The reality for every product is an ugly compromise between optimal functionality, costs, and dozens of stakeholders. Only one of those stakeholders is you, the user.
In any case, smart humans, and even groups of humans, are still much more flexible than software. In the medium to long term smart users are much happier if they adopt their workflow to optimal software, rather than use crummy solutions that support current workflow.
This is good by the way; when software becomes more flexible and adaptive than humans we’ll regret it.
So, even though I wrote “I will be buying my iPhone in the next week or so. I approach the date like a condemned man!” I realize that I have no choice but to throw out ten years of Palm/Outlook driven workflow for whatever Apple will choose to support.
No choice but to grind my teeth because the biggest iPhone stakeholder is not me, it’s the movie industry. A movie industry with DRM requirements that have led Apple to lockout the Phone cable connector.

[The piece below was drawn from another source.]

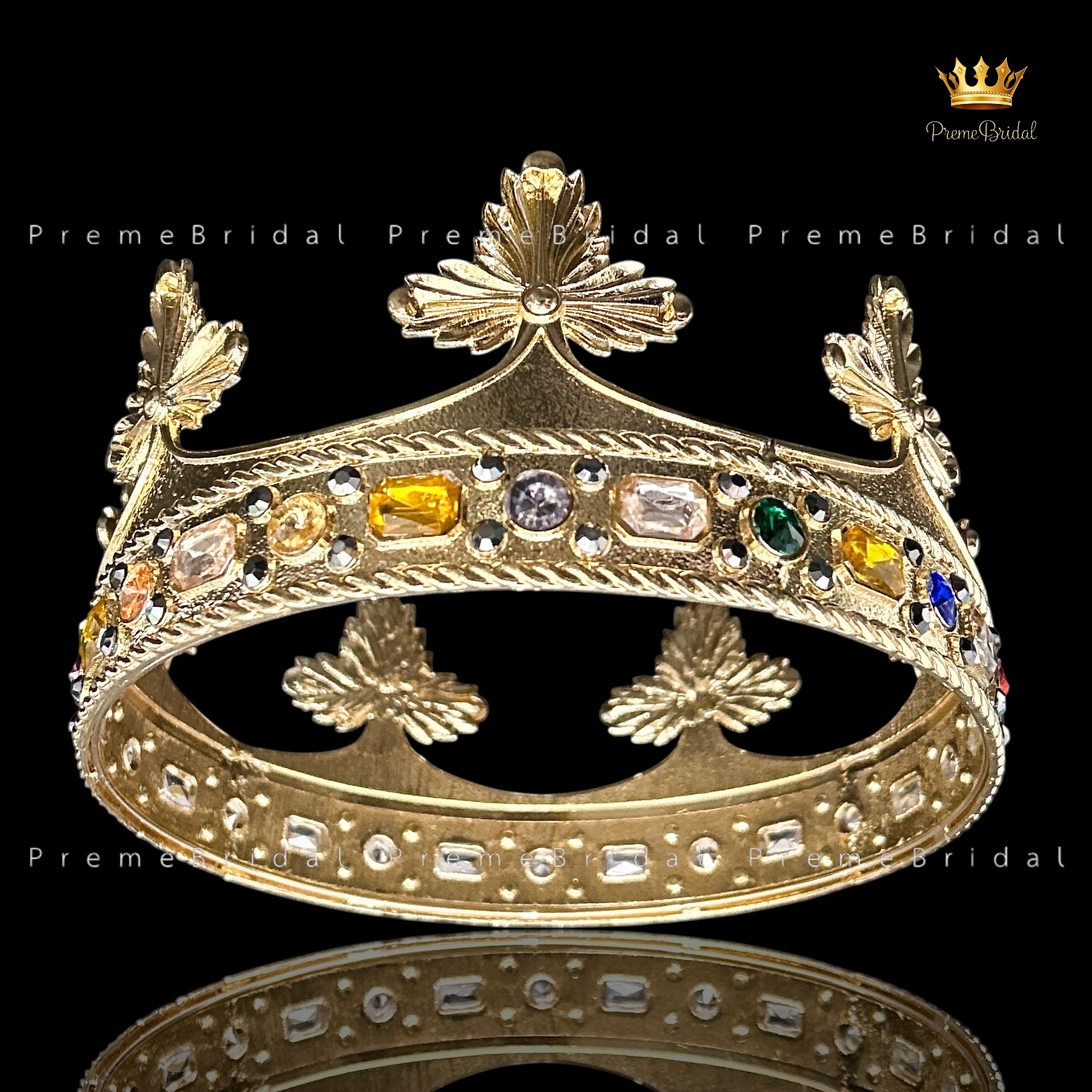 (พร้อมส่ง) มงกุฏผู้ชาย 108 งานเจ้าชาย งานพระราชา การประกวด สินค้าพร้อมส่ง ไม่ต้องรอนาน งานพรีเมี่ยม ส่งด่วนจาก จ.อุบลราชธานี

Fair enough, that’s the way the world works. Lowest common denominator Apple iPhone applications and alternatives limited because they can’t sync to the desktop mean I need to look to the iPhone’s one strong point – connectivity and a very good web browser.
Which brings me to the point of this post.
The combination of Apple’s lowest common denominator iPhone native apps (ex. no tasks, no work/home calendar management, no global search ), and the disabling of better alternatives by absent desktop synchronization, is going to drive me to Cloud Computing faster than I’d prefer.
So who owns the Cloud?
Not Apple. Google.
In the long run, despite medium term anguish, shifting to Cloud Computing will probably be an improvement on my current workflow. It will also put me in a very good position to switch to Android if Google is able to deliver a working version sometime in 2010. In the meantime I will save money by buying fewer Macs, since the Cloud will be providing my family’s processing and storage.
So, things will eventually work out for me.
On the other hand, I’m not sure this emergent solution is entirely in Apple’s long-term interests. Does Apple really want to shoot the Mac?
 Both tasks and global search were well supported in the very first PalmPilot I bought around 1997 or so. From the perspective of native applications that I need all the time, the iPhone is large regression from 1997.